12. GENERAL PROVISIONS
12.1 Entire Agreement
These Terms and Conditions are the sole and complete agreement between Seller and Recipient with respect to the subject matter hereof, and supersedes any and all prior oral and written understandings with respect to such subject matter. Seller’s representatives may have made oral statements about the Products. Those statements are not warranties, should not be relied upon by Recipient, and are not part of these Terms and Conditions.
12.2 Modification and Waiver
No amendment to, or modification or waiver of, any provision of these Terms and Conditions shall be binding upon the parties unless set forth in a written document signed by both parties.
12.3 Assignment; Binding Effect
Neither party may assign or transfer any of the rights, duties, or obligations herein without the prior written consent of the other, and any purported attempt to do so shall be null and void. Notwithstanding the foregoing, either party may, without the other party’s consent, assign or transfer these Terms and Conditions to a successor in the event of a merger, sale of equity interests, sale of all or substantially all assets, or other change of control transaction involving such party.

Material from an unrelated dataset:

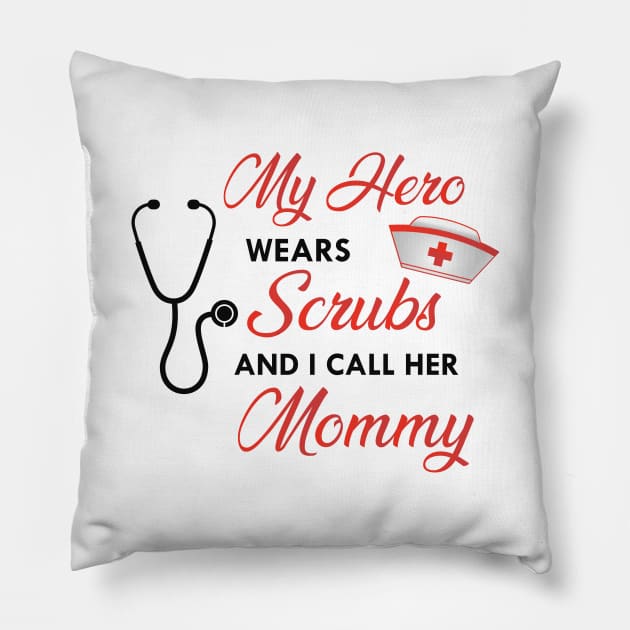 Nurse Daughter - My hero wears scrubs and I call her mommy Pillow by KC Happy Shop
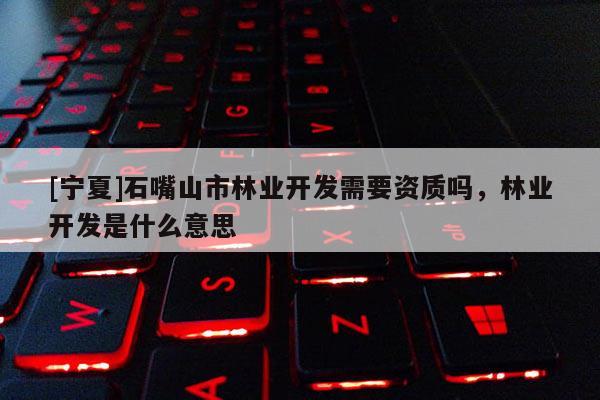 [寧夏]石嘴山市林業(yè)開發(fā)需要資質(zhì)嗎，林業(yè)開發(fā)是什么意思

12.4 No Third-Party Beneficiaries
Nothing contained herein shall give to any other person any benefit or any legal or equitable right, remedy, or claim.
12.5 Governing Law and Forum
These Terms and Conditions, and any and all disputes, claims and controversies directly or indirectly arising from or relating to these Terms and Conditions, will be governed by and construed under the laws of the State of California, U.S.A., without reference to its conflicts of law principles. The United Nations Convention on Contracts for the International Sale of Goods does not apply to this Agreement. Any dispute, claim or controversy that directly or indirectly arises out of or relates to these Terms and Conditions will be first negotiated in good faith by the parties. If such negotiations do not result in a mutually-agreeable resolution, either party may bring a claim against the other party, provided that such claim will be exclusively venued in the state or federal courts located in the State of California. Each party hereby consents, agrees, and submits to the exclusive jurisdiction of such courts for all suits, actions, or proceedings directly or indirectly arising out of or relating to these Terms and Conditions, and waives any and all objections to such courts, including, but not limited to, objections based on improper venue or inconvenient forum.
12.6 Force Majeure
Seller shall not be liable for any delay or nondelivery of any of the Products or other nonperformance caused, in whole or part, by any contingency or event beyond Seller’s reasonable control, including, without limitation, any act of God; acts of any government or any agency or subdivision thereof; fire; strikes; war; machinery breakage; failure of a communications or internet provider; transportation delays; shortage of or inability to secure labor, fuel, energy, materials, or supplies at reasonable prices or from regular sources; riots or acts of a public enemy; terrorist acts; and any existing or future laws or regulations with which Seller, in its judgment and discretion, deems it advisable to comply as its legal duty.
If any provision hereof is held to be unenforceable by final order of any court of competent jurisdiction, such provision shall be severed herefrom and shall not affect the interpretation or enforceability of the remaining provisions hereof.
The following Sections shall survive any expiration, termination, or cancellation of these Terms and Conditions: Sections 1, 2 (until all amounts due hereunder are paid), 3, and 8-12.